Several recent studies have shown that coinfection of CanineCV with CPV-2 leads to increased mortality in dogs [7,15,27], and we hypothesized that this effect is related to CanineCV-induced immunosuppression. Our study showed that CanineCV infection or Rep protein expression inhibits the IFN response yet facilitates CPV-2 replication in cells. Therefore, dogs infected with CanineCV may exhibit more severe clinical signs when coinfected with other viruses. It is worth noting that the probability of coinfection of CPV-2, canine distemper virus (CDV), and canine coronavirus (CCoV) with CanineCV reached 100% [19,28], 70–80% [27,29,30], and 50% [7,31], respectively. Thus, it is clear that, apart from DNA viruses, CDV and CCoV among RNA viruses are also coinfected with CanineCV, but the coinfection of CanineCV with CPV-2 is more common in dogs. Similar results were reported in other animal circovirus infections. For example, pigs coinfected with PCV2 and porcine parvovirus (PPV) became dull, developed jaundice and hepatomegaly, and some even died [32]. Coinfection of PCV2 or PCV3 with PPV leads to severe viremia and reproductive disorders [33,34,35]. In addition, PCV-2 infection inhibits the response of immune-related signaling pathways and promotes the replication of viruses such as pseudorabies virus and porcine reproductive and respiratory syndrome virus [36,37]. Worse still, duck circovirus also causes immunosuppression, and coinfection with other pathogens can lead to serious consequences [38,39].

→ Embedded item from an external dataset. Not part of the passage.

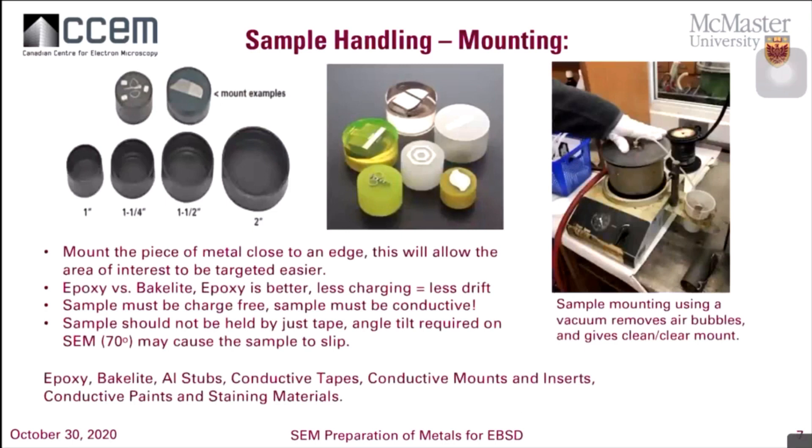For mounting, mounting the piece of metal closer to the outer edge of the puck will help you more, because you have to tilt your sample to about 70 degrees and you want to cause as little angle distortion as possible. We suggest mounting on the edges so it's easier to control and target by the detector. Epoxy versus bakelite: epoxy is better — less charging, less drift. Charging becomes so important when you start collecting your EBSD patterns. You want to make sure the sample doesn't move. Do not just mount your sample on double-sided tape — your sample will slip. Make sure you have the sample secured either by the screw system of the holders or add some conductive paint that we use as glue as well.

CanineCV will need to be given additional attention because it is gradually showing the ability to spread across species. CanineCV has a high prevalence in wild animals such as foxes, wolves, and badgers. More concerningly, CanineCV has been found in samples from cows and domestic cats in northeastern China [17]. CanineCV induces immunosuppression to promote the replication of other viruses, increasing disease severity, which imposes a further burden on public health safety.
4. Materials and Methods
4.1. Cells, Viruses, and Plasmids
F81 cells and HEK-293T cells were cultured in Dulbecco’s modified Eagle’s medium (DMEM) supplemented with 10% fetal bovine serum (FBS) in 5% CO2 at 37 °C. The CanineCV-DG strain was obtained from previous studies [40]. CPV-2 and SeV were stored in our laboratory. The pClone007 vector was purchased from Tsingke Biotechnology Co., Ltd. The empty p3×Flag-CMV10 and pEGFP-C3 vectors and the pBlueScript II SK (+) vector were purchased from Wuhan Miaoling Biotechnology (Wuhan, China). The pMD18-T clone vector was purchased from Takara Biomedical Co., Ltd. Technology (Beijing, China). The main ORFs of the virus were cloned and then ligated into the p3×Flag-CMV10 and pEGFP-C3 vectors. The feline interferon-associated luciferase reporter plasmids (IFN-β-Luc, NFκB-Luc, IRF3-Luc, and AP1-Luc) have been described in previous studies [41,42].
4.2. qPCR Analysis
For virus quantification, a pair of qPCR primers based on the Rep gene was designed as follows: q-Rep217F (5′-GCATAGTATTACCCGGCA-3′) and q-Rep217R (5′-GCATAGTATTACCCGGCA-3′). After amplification, amplicons were recovered from the positive bands and inserted into pMD18-T. After plasmid extraction, the standard plasmids were subjected to gradient dilution (109~101 copies/μL), and these solutions were ultimately used to establish the qPCR standard curve. To determine the number of CPV-2 virions in cells, qPCR was used according to a previous study [43].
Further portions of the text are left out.